Dans le RIH des Barreaux de France, qui devait être inséré dans le
règlement intérieur de chaque Barreau au plus tard le 31 octobre 1999, le
titre IVème réglant les rapports entre avocats appartenant à des Barreaux
différents avait réglé dans son article l8 le règlement des conflits
interbarreaux, et déjà inséré dans son article 19 le Code de Déontologie
des Avocats de l'Union Européenne.
2.
Le deuxième alinéa de cet article 19 stipulait d'ailleurs :
" Les
avocats français doivent appliquer le Code de déontologie des avocats de
l'Union Européenne (dans les activités judiciaires et juridiques dans l'Union
Européenne hors le territoire de la République Française et dans leurs
relations avec les autres avocats de l'Union Européenne, qu'elles aient lieu à
l'intérieur des frontières de l'Union Européenne ou hors celles-ci, sous
réserve que lesdits avocats appartiennent à un Barreau qui a formellement
accepté d'être lié par ce Code ".
3.
Lors de l'adoption du règlement intérieur
unifié (RIU) applicable depuis mars 2004, il a encore été fait
expressément référence, avec une nouvelle numérotation (l'article 19 du RIH
est donc devenu l'article 20 du RIU au Code de déontologie des avocats
européens et précisément aux règles de correspondances entre avocats de
l'article 20.5.3.).
Les objectifs annoncés par le CCBE sont la définition dans
la mesure du possible, et dans l'intérêt public de règles uniformes
applicables à tout avocat intervenant dans l'espace économique européen pour
son activité transfrontalière et quelque soit le Barreau auquel il appartient.

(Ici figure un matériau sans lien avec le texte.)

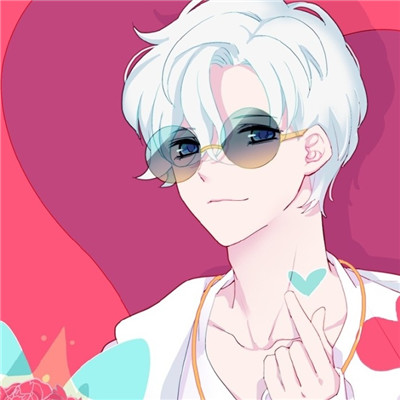 比爱心动漫男生头像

Le deuxième objectif est d'atténuer les difficultés
résultant de l'application d'une double déontologie telle que prévue à
l'article 4 de la directive 77/249 du 22 mars 1997.
4.
Toutefois, il paraît indispensable d'attirer
l'attention des confrères sur certains pièges relatifs à l'application de ce
code.
5.
Si les principes généraux d'indépendance, de confiance et d'intégrité
morale, de secret professionnel, de respect de la déontologie des autres
barreaux, de la publicité, etc…, semblent être un tronc commun ne posant de
difficulté majeure, il ne faut pas perdre de vue que les règles relatives à
la correspondance entre avocats ne sont pas uniformes dans l'espace
communautaire et que notamment, il y a des règles fondamentalement différentes
dans le Barreau allemand.
C'est pourquoi, l'article 20.5.3. réglemente les
correspondances entre avocats et précise que :
"
l'avocat qui adresse à un confrère d'un autre Etat membre une communication
dont il souhaite qu'elle ait un caractère " confidentiel " ou "

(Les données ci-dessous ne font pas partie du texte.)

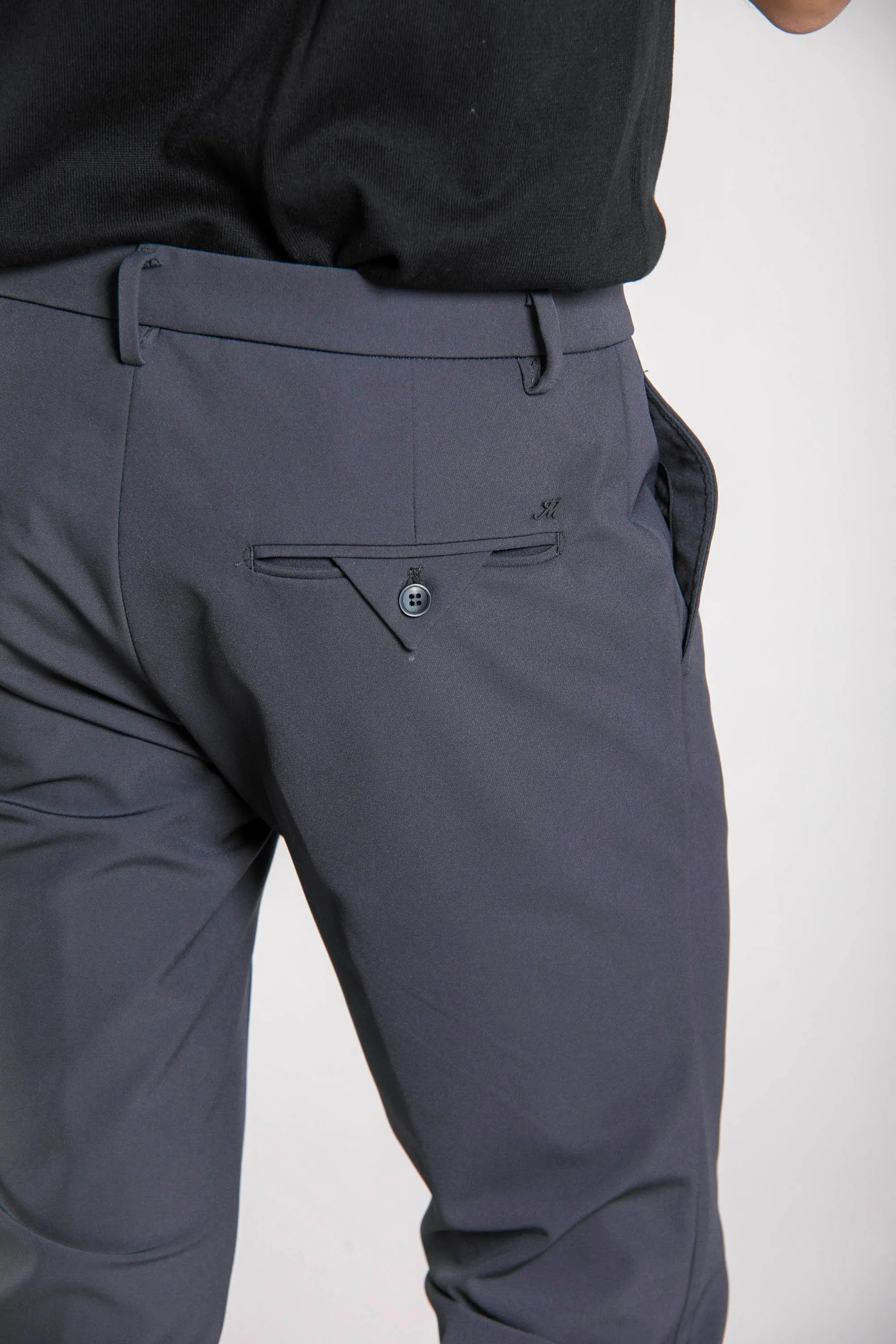 Milano Jog man dynamic jersey chino pants extra slim sold by Mason's product image thumbnail 4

without prejudice ", devra clairement exprimer sa volonté lors de l'envoi
de cette communication "
L'article 20.5.3.2. précise que :
" au cas
où le destinataire de la communication ne serait pas en mesure de lui donner un
caractère " confidentiel " ou " without prejudice ", il
devra la retourner à son expéditeur sans révéler le contenu ".
6.
Les difficultés pratiques que posent les problèmes de correspondances,
et l'extrême prudence qu'il faut avoir pour garder la confidentialité des
courriers.
Mais, il faut aussi et surtout attirer l'attention des
confrères sur les risques pris lorsqu'ils confient à un avocat d'un autre Etat
membre, un dossier.
En effet, l'article 20.5.7. relatif à la responsabilité
pécuniaire peut révéler certaines surprises auxquelles l'avocat ne s'attend
pas.
Il stipule que :
" Dans
les relations professionnelles entre avocats de barreaux différents États
membres, l'avocat qui, ne se bornant pas à recommander un confrère ou à
l'introduire auprès d'un client, confie une affaire à un correspondant ou le
consulte, est personnellement tenu, même en cas de défaillance du client, au
paiement des honoraires, frais et débours du conseil étranger.. "

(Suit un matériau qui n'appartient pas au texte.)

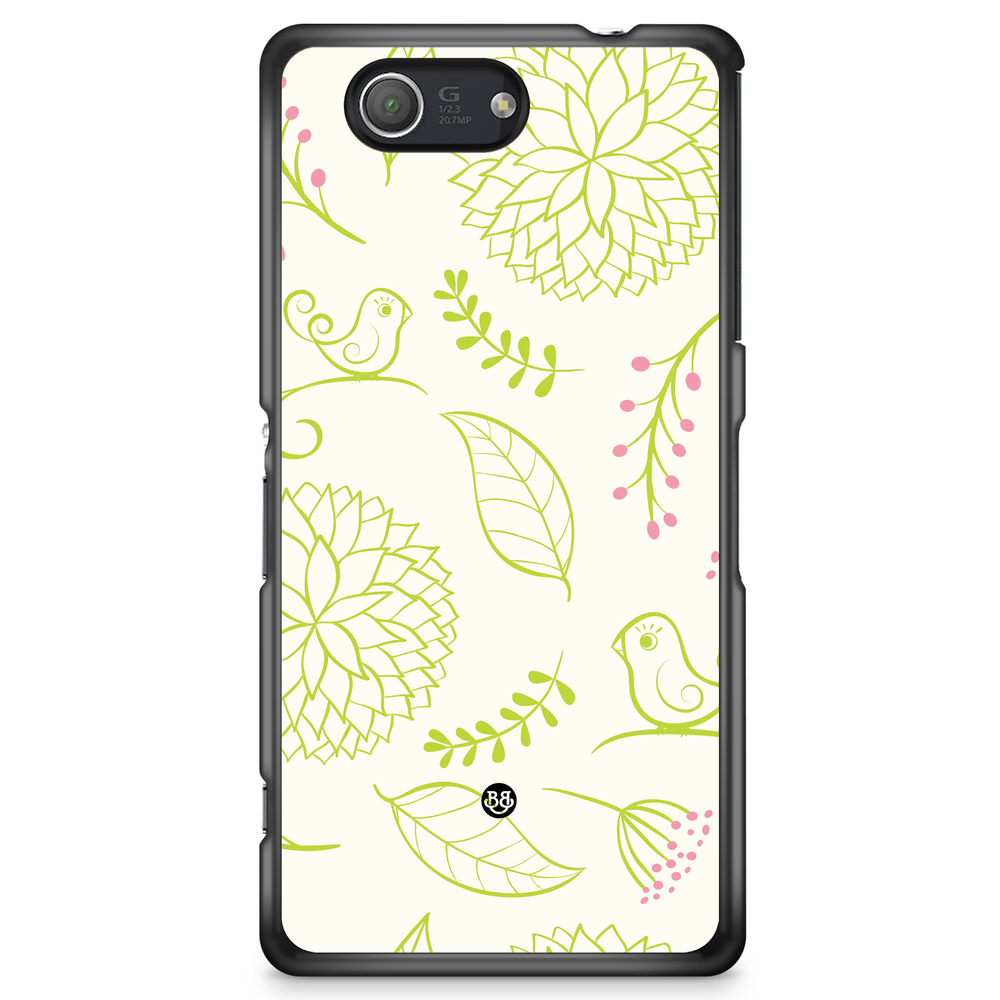 Sony Xperia Z3 Compact Case - Green Floral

La pratique démontre que certains cabinets n'hésitent pas à
utiliser cet article pour obtenir du confrère à titre personnel le paiement
des honoraires qu'ils n'ont pas su ou pu percevoir.
7.
C'est pourquoi, lorsqu'un avocat décide de confier un dossier à un
confrère dans le cadre d'un barreau d'un autre Etat membre de la communauté,
il est préférable qu'il se contente de recommander le confrère et le cas
échéant laisser le client prendre directement contact.
Dans le cas contraire, il faut savoir que le même article
20.5.7. prévoit dès le début des relations entre les deux avocats des
différents Etats membres, il peut être convenu de dispositions particulières
à ce sujet.
Dans ce cas, il est recommandé au confrère par
prudence de prévenir dès le départ que la règle ne pourra pas jouer.
8.
Si en cours d'évolution du dossier, et de suivi de correspondances
diverses, le client est réticent à verser des honoraires ou donne des signes
de fatigue en ce qui concerne ses capacités de payer les honoraires, ou si sa
solvabilité devient douteuse, il convient par écrit de
limiter son engagement personnel pour l'avenir.
Dans ce cas, l'avocat reste tenu du montant des honoraires,
frais et débours qui ont été engagés avant cette notification, mais il
pourra ainsi limiter dans le temps cet engagement.
9.
Certes, une bonne pratique de la confraternité avec les avocats des
différents pays membres, peut éviter une application drastique de ce texte.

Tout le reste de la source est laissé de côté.